A comprehensive map of the human urinary proteome

Abstract

The study of the human urinary proteome has the potential to offer significant insights into normal physiology as well as disease pathology. The information obtained from such studies could be applied to the diagnosis of various diseases. The high sensitivity, resolution, and mass accuracy of the latest generation of mass spectrometers provides an opportunity to accurately catalog the proteins present in human urine, including those present at low levels.
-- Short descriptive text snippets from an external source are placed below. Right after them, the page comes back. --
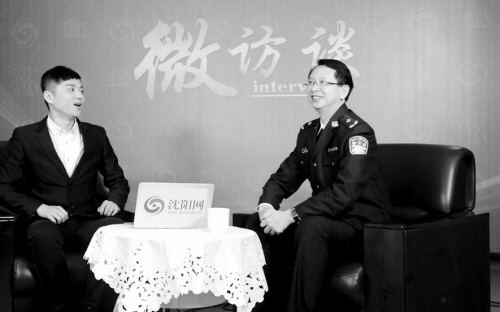 交警支队政委做客访谈间。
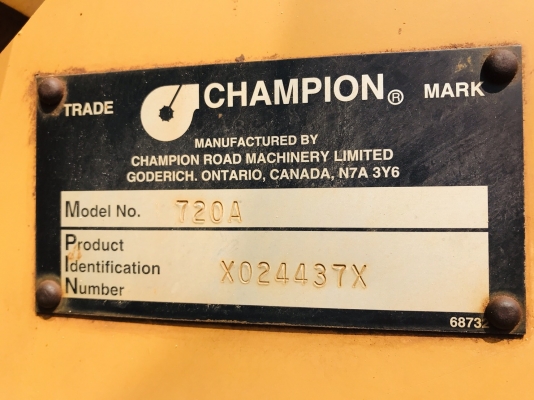 ขาย 650,000 รถเกรด CHAMPION 720 A เล่มทะเบียน ภาษีเต็ม เครื่องดี เกียร์แรง เอวแน่น ยางพอใช้ รถพร้อมใช้งาน เอกสารพร้อมโอน รถอยู่ ตาก 090-772-3710 090-772-3708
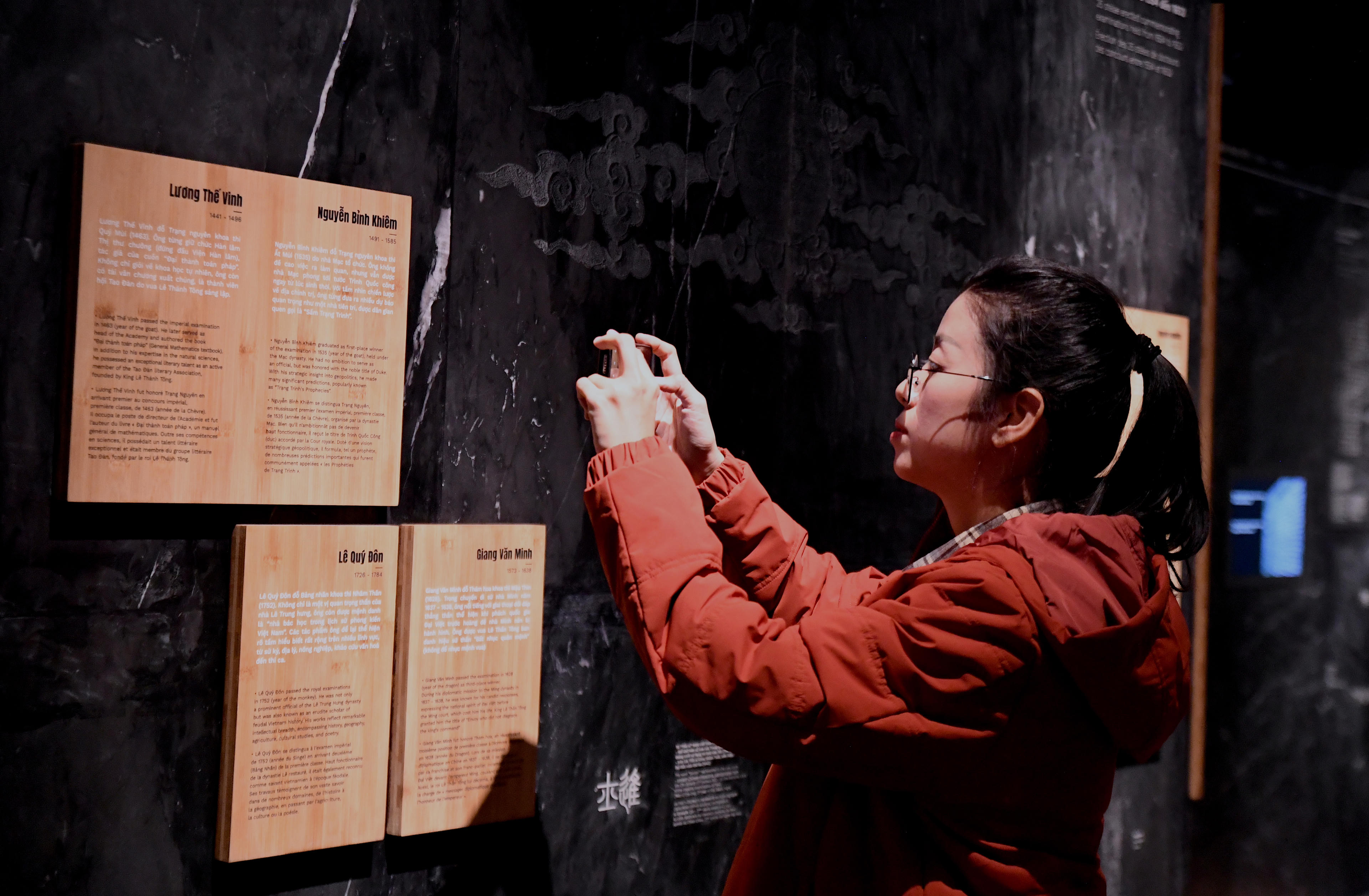 Trưng bày thu hút sự quan tâm đặc biệt của các bạn trẻ. Ảnh: Phạm Sỹ.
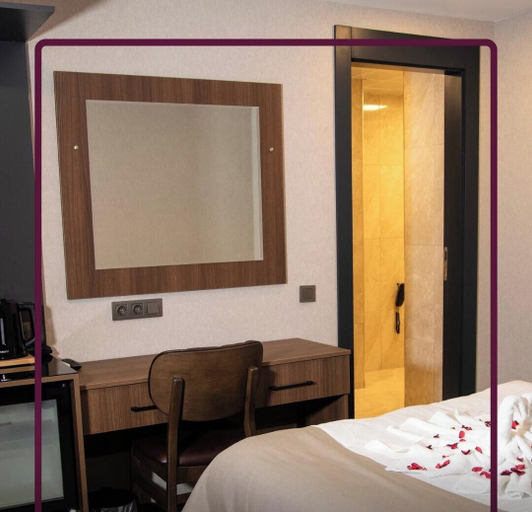 Room 5, Adenz Otel, Elmadağ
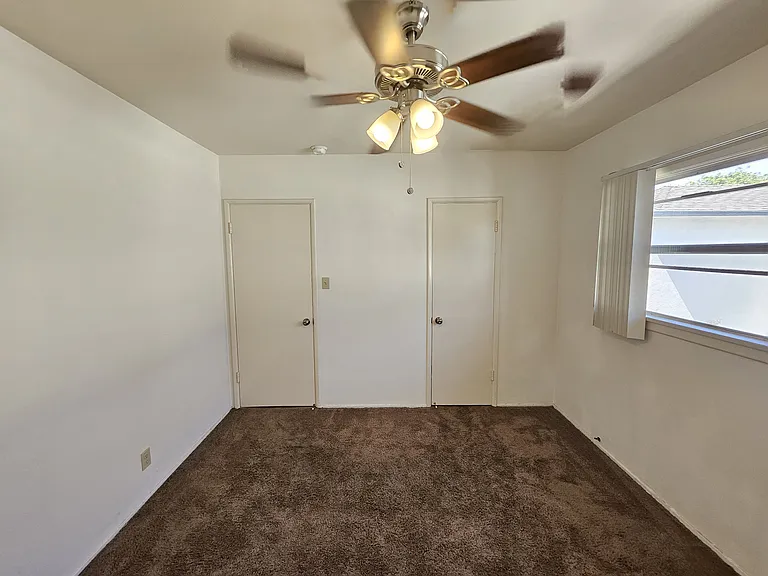 2729 W Victory Blvd #29F — Photo 7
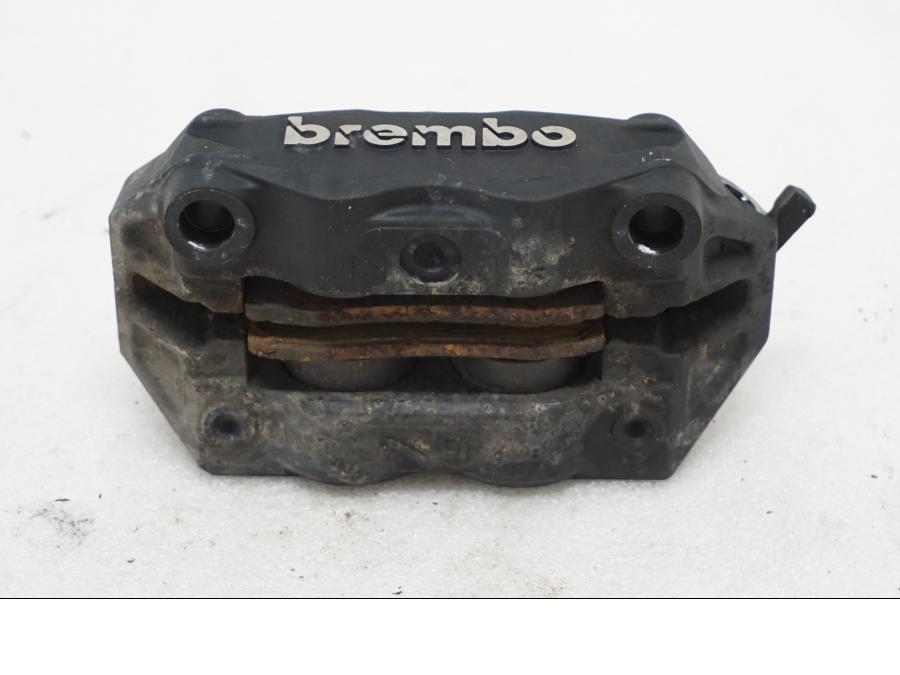 Baksidan på Bromsok från en BMW R 1200 GSA -2017 motorcykel.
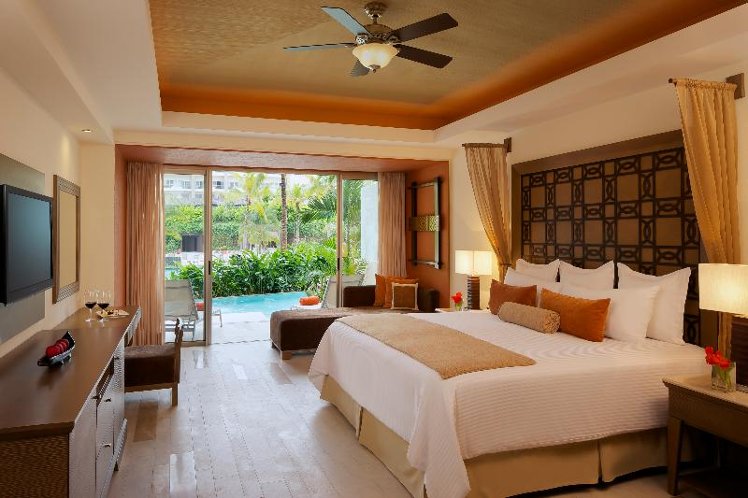 JUNIOR SUITE CLUB Room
To this end, we carried out a comprehensive analysis of human urinary proteome from healthy individuals using high-resolution Fourier transform mass spectrometry. Importantly, we used the Orbitrap for detecting ions in both MS (resolution 60 000) and MS/MS (resolution 15 000) modes. To increase the depth of our analysis, we characterized both unfractionated as well as lectin-enriched proteins in our experiments. In all, we identified 1,823 proteins with less than 1% false discovery rate, of which 671 proteins have not previously been reported as constituents of human urine. This data set should serve as a comprehensive reference list for future studies aimed at identification and characterization of urinary biomarkers for various diseases.

Figure 1

Workflow employed to characterize the urinary proteome. Pooled urine from healthy individuals was processed by two different approaches. A fraction of pooled urine was resolved by SDS-PAGE without any enrichment. Gel bands were excised followed by in-gel digestion. Another fraction was subjected to lectin affinity chromatography using three lectins (Concanavalin A, wheat germ agglutinin and jacalin) followed by SDS-PAGE and in-gel digestion. In-gel digested gel bands from two different approaches were further analyzed by liquid chromatography tandem mass spectrometry (LC–MS/MS) on an LTQ-Orbitrap Velos mass spectrometer. Data derived from mass spectrometric analysis were then searched using Mascot and Sequest search engines.

Figure 2

Venn diagram comparing large scale studies on urinary proteome. Protein identifications from the current study were compared to two other studies (Adachi et al., 2006 and Li et al., 2010) that were carried out using high-resolution mass spectrometers. A total of 744 proteins were unique to this study, whereas 373 proteins were unique to Adachi et al. and 308 were unique to Li et al.

Figure 3

Representative MS/MS spectra of peptides from selected proteins that were identified based on single peptide evidence. (A) Shroom2 (SHROOM2). (B) Tumor suppressor candidate 2 (TUSC2). (C) Kallikrein-11. (D) Folate receptor beta (FOLR2).

Figure 4

Gene Ontology based classification of proteins. (A) Cellular component, (B) molecular function and (C) biological process based classification of identified proteins in this study.